В 1925 г. между Советским Союзом и Японией были установлены дипломатические отношения, советское правительство признало Портсмутский мирный договор и добросовестно его выполняло. Что касается Японии, то она, разрабатывая планы новой войны, в нарушение условий договора, в 1929 г. поддерживала нападения «белокитайцев» на Китайскую восточную железную дорогу, а в 1931 г. оккупировала Маньчжурию, лишив СССР возможности нормально эксплуатировать КВЖД. На границе наращивалось японское военное присутствие, организовывались учения, постоянно устраивались провокации, попытки проникновения на советскую территорию. Япония явно готовилась к крупномасштабной агрессии. В ее долгосрочные планы входил захват всего Дальнего Востока. Но вначале потребовалась «проба сил». Местом для нее было избрано советское Приморье.

20 июля 1938 г. японский посол в Москве предъявил Советскому правительству требование об отводе советских войск к западу от озера Хасан и передачи Японии сопки Заозерная, якобы принадлежащей территории Маньчжоу-Го. В ноте Советского правительства от 22 июля эти требования отклонялись как ничем не обоснованные. В тот же день кабинет министров Японии утвердил план нападения на СССР в районе озера Хасан. Его ближайшей целью было отторгнуть у Советского Союза стратегически важные высоты, расположенные в 10 км от побережья Тихого океана, откуда можно было держать под постоянным наблюдением и прямым артиллерийским огнем участок советской территории к югу и западу от залива Посьета, угрожать всему побережью в направлении на Владивосток[761].

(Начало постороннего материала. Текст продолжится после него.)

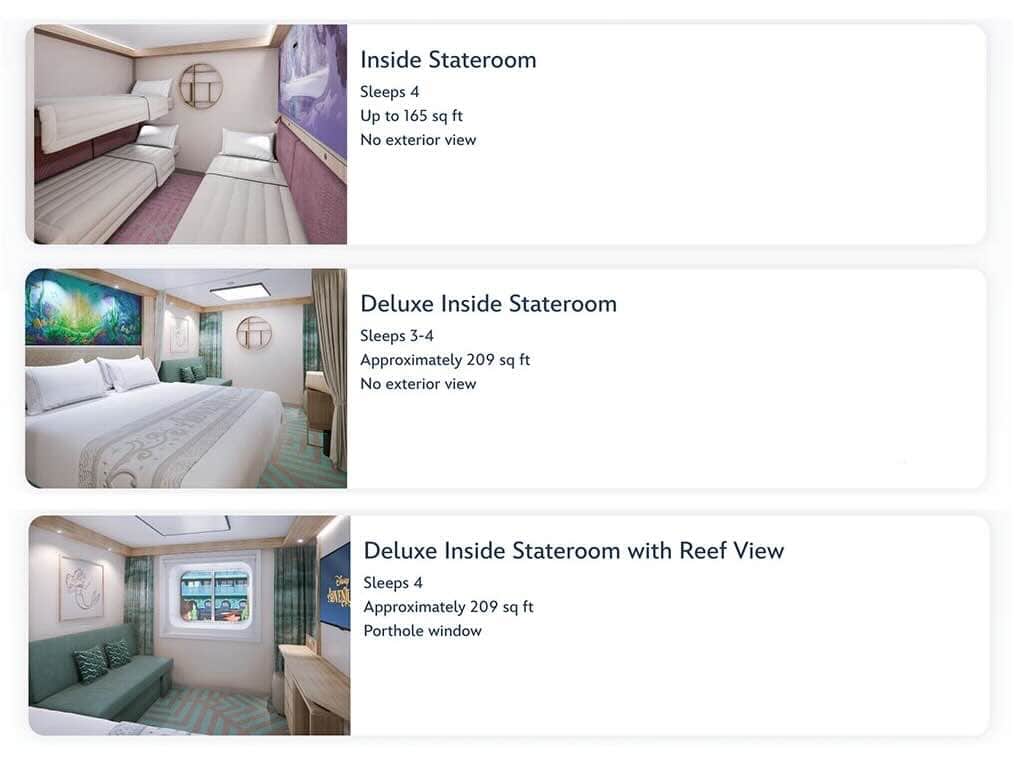 Interior Staterooms_Disney Adventure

Вторжение началось 29 июля, когда отряд японцев численностью до роты атаковал пограничный наряд из одиннадцати человек на сопке Безымянная. Подоспевшее на помощь подкрепление сумело отбросить противника. Но 30 и 31 июля нападение повторилось более крупными силами. Японцам удалось потеснить советские части и продвинуться вглубь нашей территории до четырех километров.

Советское командование на Дальнем Востоке спешно сосредоточило в районе Хасана имевшиеся поблизости силы. На 2 августа была намечена общая атака захваченных японцами позиций. Но это наступление не принесло успеха. Советские части понесли большие потери.

Новый штурм начался 6 августа силами двух стрелковых дивизий и механизированной бригады при поддержке артиллерии и авиации. 9 августа после упорных боев советская территория была очищена от неприятеля, государственная граница полностью восстановлена. 10 августа японский посол в Москве запросил мира. На следующий день боевые действия были прекращены[762].

Хасанский «опыт» заставил японское правительство отложить «большую войну» против Советского Союза. Но теперь объектом агрессии оказалась Монголия. Ее захват позволил бы японцам выйти к границам СССР в районе Иркутска и озера Байкал, тем самым подготовив плацдарм для дальнейшего продвижения на Дальний Восток.

11 мая 1939 г. части Квантунской армии вторглись в пределы Монгольской Народной республики в районе реки Халхин-Гол, у поселка Номон-Хан-Бурд-Обо. Завязались кровопролитные бои. При этом «номон-ханский инцидент» выдавался японской стороной за пограничный конфликт, возникший из-за отсутствия четкой демаркационной линии.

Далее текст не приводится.